A detailed description of the SYNERGY stent has been published elsewhere. In brief, SYNERGY is a thin strut (74–81 μm), platinum chromium metal alloy stent with an ultrathin (4 μM) bioabsorbable polymer designed to release everolimus (100 μm/cm2) on the abluminal side only. Drug release and polymer degradation are completed in parallel within 4 months, leaving behind a biocompatible bare metal platform.
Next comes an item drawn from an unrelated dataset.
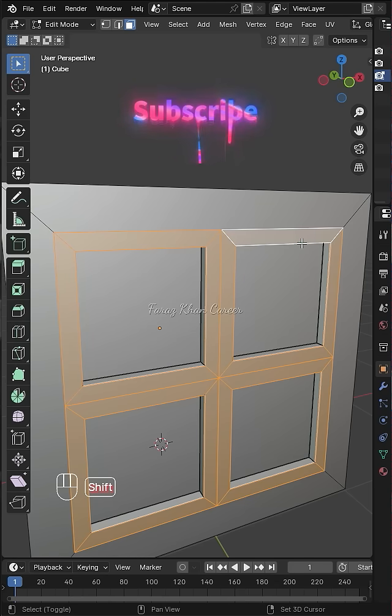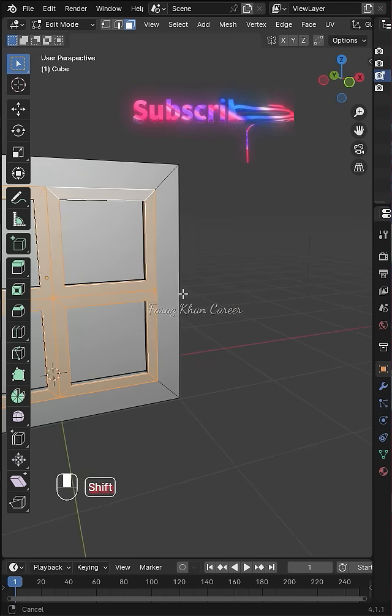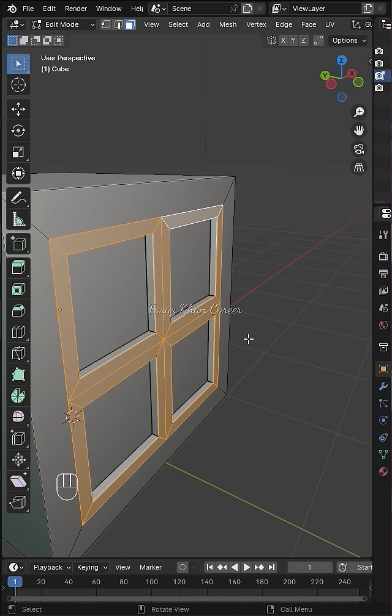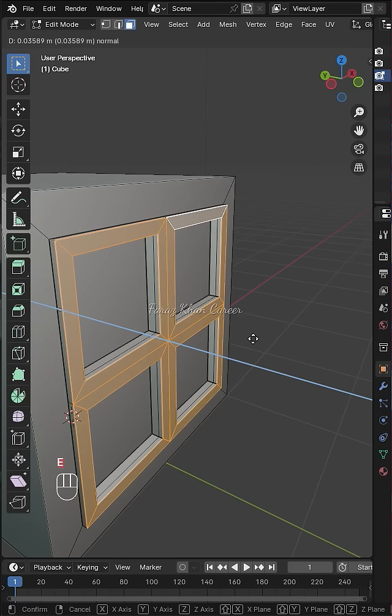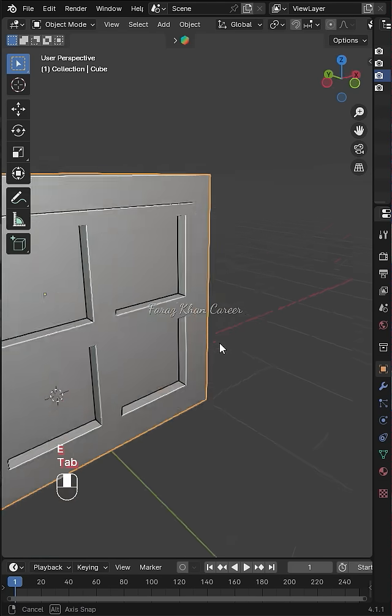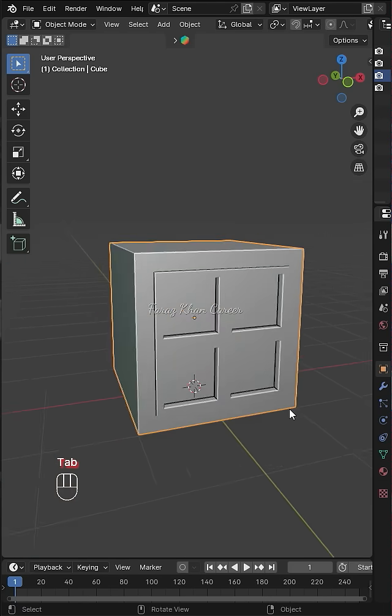Number seven, positive attitude. A positive attitude won't solve all your problems, but it will annoy enough people to make it worth the effort.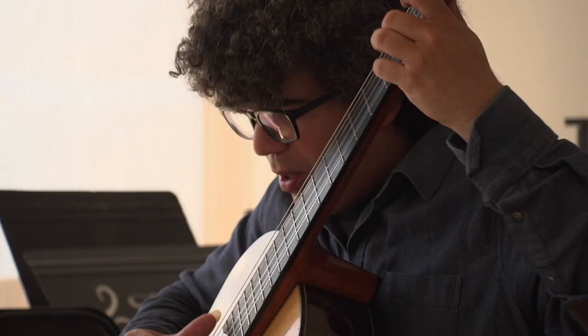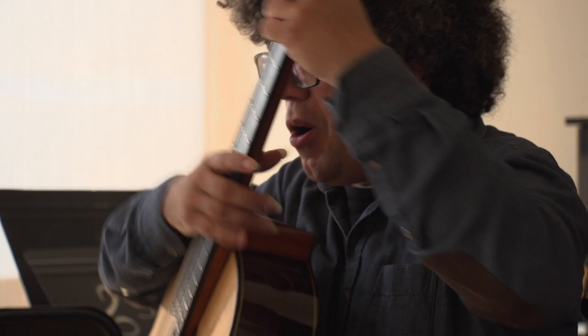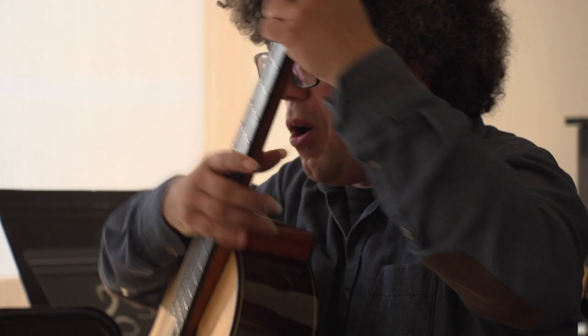When you are a performer, you never really know what the public gets. But when I teach, I can see directly how my teaching interacts with their way of playing music.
Study design and procedure

Patients ≥18 years of age were eligible if they had either (1) symptomatic CAD with coronary stenosis ≥70%, abnormal fractional flow reserve, elevated cardiac biomarkers or an abnormal stress or imaging stress test, or (2) silent ischemia based on abnormal fractional flow reserve (FFR), abnormal stress or imaging stress test, or elevated biomarkers prior to the procedure. The main angiographic inclusion criteria were lesion length >34 to ≤44 mm in a native coronary artery with a reference vessel diameter (RVD) ≥2.5 to ≤4.0 mm (both by visual estimation), target lesion with visually estimated stenoses ≥50% and < 100% and Thrombolysis in Myocardial Infarction (TIMI) flow >1, and successful predilatation of the target lesion. Patients with acute STEMI, left main or saphenous vein graft lesions, chronic total occlusion, in‐stent restenosis, and bifurcations requiring >1 stent were excluded. Eligible patients who met the inclusion criteria were enrolled and treated with a single 48 mm SYNERGY stent. Treatment of one nontarget lesion in one nontarget vessel was allowed during the index procedure. Dual antiplatelet therapy (DAPT) with aspirin and a P2Y12 inhibitor was prescribed following PCI for at least 6 months (12 months in patients with acute coronary syndrome). All patients were required to take aspirin through 2 years of follow‐up. Clinical follow‐up was required in hospital, at 30 days, 6‐ and 12‐months following PCI, and then at 2 years. Protocol‐specified coronary angiography assessment was required during index procedure, but not at follow up.

Study endpoints

The primary endpoint was the rate of 12‐month target lesion failure (TLF), defined as the composite of any ischemia‐driven revascularization of the target lesion (TLR), myocardial infarction (MI, Q‐wave and non‐Q‐wave) related to the target vessel, or any cardiac death. Secondary clinical endpoints evaluated at both 1‐ and 2 years included target vessel failure (TVF; composite of ischemia‐driven target vessel revascularization [TVR], target vessel‐related MI [TV‐MI] or death), all‐cause death, individual components of TLF, and Academic Research Consortium defined stent thrombosis (ST). ST, TVR, MI, and death were adjudicated by an independent clinical events committee (CEC). Technical success was defined as successful delivery and deployment of the study stent into the target vessel, without balloon rupture or stent embolization, and postprocedure diameter stenosis of <30% with TIMI 3 flow in the target lesion (as visually assessed by the physician). Clinical procedural success was defined as postprocedure diameter stenosis <30%, TIMI 3 flow in the target lesion without the occurrence of in‐hospital MI, cardiac death or TVR. All procedural angiograms were evaluated by an independent angiographic core laboratory (Beth Israel Deaconess Medical Center, Boston, MA).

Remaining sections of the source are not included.